The International Association for Computing and Philosophy is pleased to announce that Luciano Floridi (Hertfordshire and Oxford) is the 4th recipient of its Covey Award for Outstanding Research in Computing and Philosophy. This award is reserved for a senior scholar who has made significant research contributions to the field. Past recipients include Ed Zalta (Stanford), John Searle (Berkeley), and Terry Bynum (Southern Connecticut).

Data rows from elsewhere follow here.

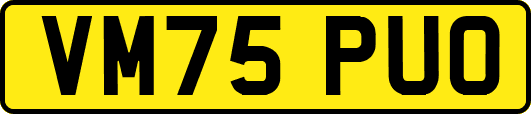 VM75PUO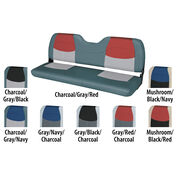 Wise Blast-Off Tour Series 58" Wide Folding Bench Seat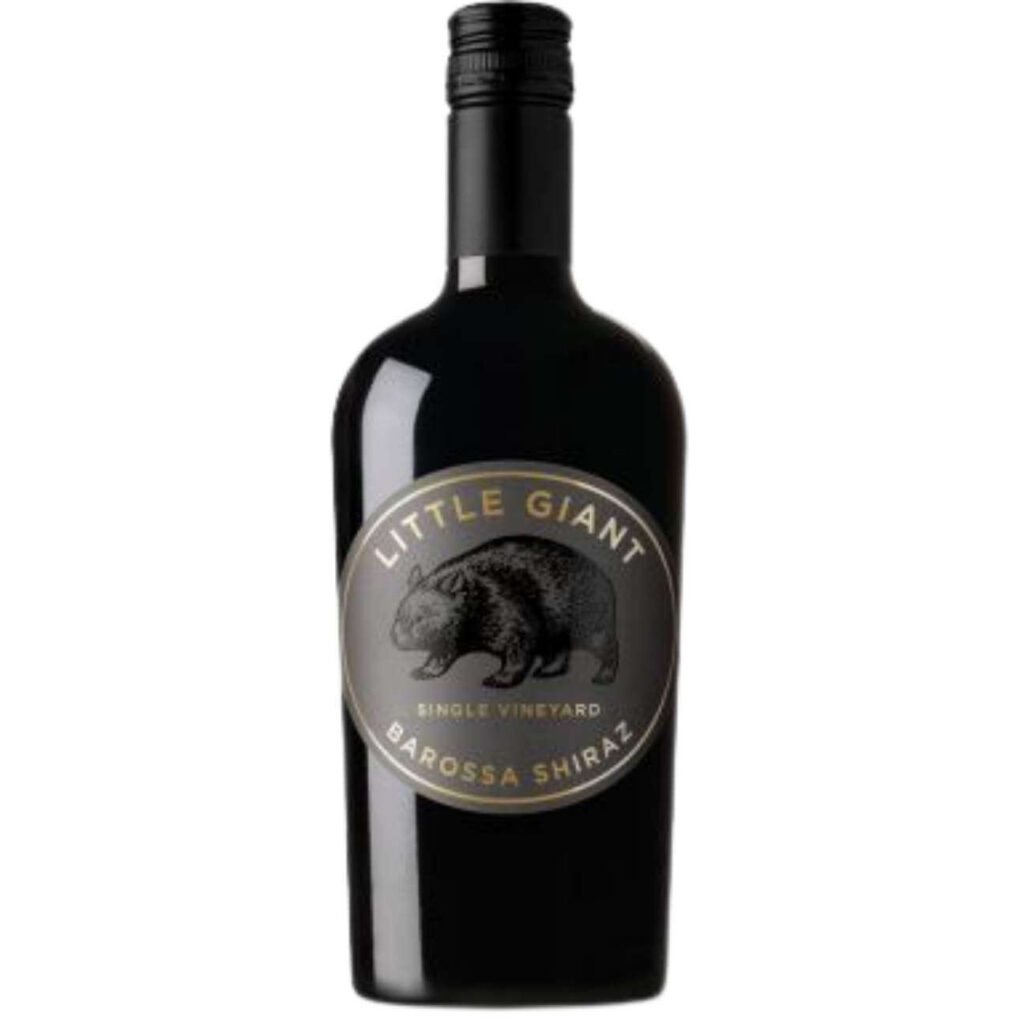 Little Giant Single Vinyard Shiraz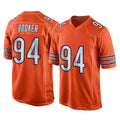 C.Bears #94 Austin Booker Player Orange Home Game Odoa Stitched Jerseys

Dr. Floridi holds the UNESCO Chair in Information and Computing Ethics at Hertfordshire. He has recently published two books on the philosophy of information with Oxford and is about to release a third on information ethics. In 2009, he became the first philosopher to be elected Gauss Professor by the Göttingen Academy of Sciences. The same year, he was awarded the Barwise Prize by the American Philosophical Association in recognition of his research on the philosophy of information, and was elected Fellow of the Society for the Study of Artificial Intelligence and the Simulation of Behaviour. In 2010, he was appointed Editor-in-Chief of Springer’s new journal Philosophy & Technology and elected Fellow of the Center for Information Policy Research, University of Wisconsin–Milwaukee. In 2011, he awarded a laurea honoris causa by the University of Suceava, Romania, for his research on the philosophy of information. In 2012, he was appointed appointed Chairman of the expert group, organised by the DG INFSO of the European Commission, on the impact of information and communication technologies on the digital transformations occurring in the European society.
We are grateful to Dr. Floridi for the pioneering work he has done to advance a research agenda that is both timely and relevant to a quickly changing world. He will be recognized for his work at the 2012 AISB/IACAP World Congress to be held in honor of Alan Turing at the University of Birmingham this July.